Job Description
About Apex Future Systems
We are at the forefront of the 2026 technological revolution, building the neural infrastructure for tomorrow's autonomous digital economy. We are seeking a visionary Senior AI Architect to lead our R&D division in developing next-generation generative models and quantum-integrated machine learning systems. If you want to define the trajectory of artificial intelligence in the coming decade, this is your opportunity.
Why Join Us?
- Impactful Work: Architect systems that power global-scale applications.
- Future-Ready: Work with cutting-edge tech stacks before they hit the mainstream.
- Competitive Compensation: Top-tier equity package and salary.
Role Overview
As a Senior AI Architect, you will bridge the gap between theoretical research and production-grade engineering. You will oversee the architecture of our proprietary LLMs and edge-computing neural networks, ensuring scalability, security, and ethical AI compliance.
Responsibilities
- System Architecture: Design and deploy scalable, high-performance AI infrastructure capable of handling petabyte-scale data streams.
- R&D Leadership: Lead a team of machine learning engineers in exploring novel algorithms for autonomous agents and predictive analytics.
- Model Optimization: Refine existing neural networks to reduce latency and improve inference accuracy in real-time environments.
- Technical Strategy: Define the technical roadmap for AI integration across our product suite, aligning with 2026 business goals.
- Cross-Functional Collaboration: Partner with product managers, security experts, and UX designers to integrate AI seamlessly into user experiences.

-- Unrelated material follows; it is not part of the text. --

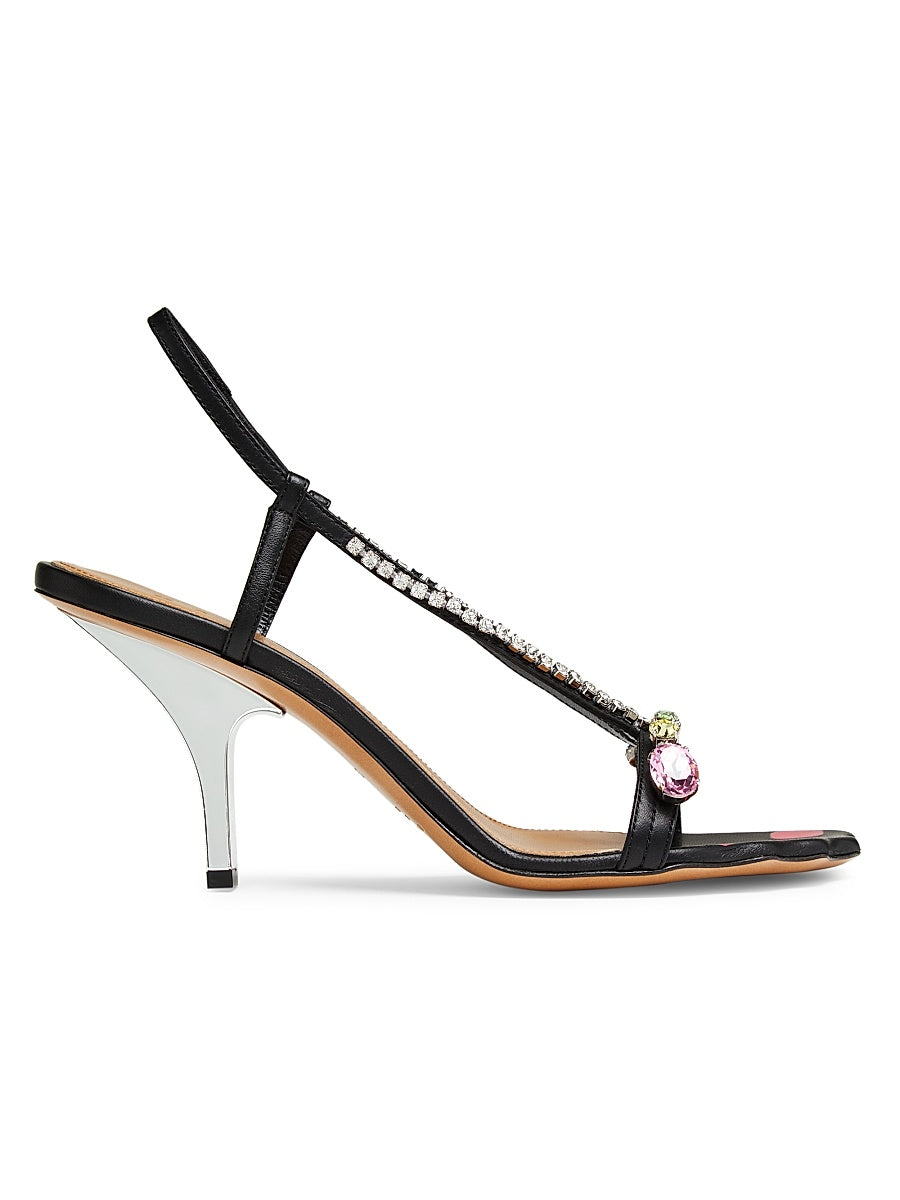 Crystal-Embellished Leather Sandals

- Compliance & Ethics: Implement governance frameworks to ensure AI transparency and fairness.
Qualifications
- Education: Masterβs degree or PhD in Computer Science, Machine Learning, or a related quantitative field.
- Experience: 7+ years of experience in software engineering with at least 3 years dedicated to AI/ML architecture.
- Technical Skills: Proficiency in Python, PyTorch, TensorFlow, and experience with distributed computing frameworks (Kubernetes, AWS SageMaker, or Google AI Platform).
- Algorithm Mastery: Deep understanding of statistical modeling, natural language processing (NLP), and computer vision.
- Leadership: Proven track record of mentoring engineering teams and managing technical projects from conception to deployment.
- Soft Skills: Exceptional problem-solving abilities and the ability to communicate complex technical concepts to non-technical stakeholders.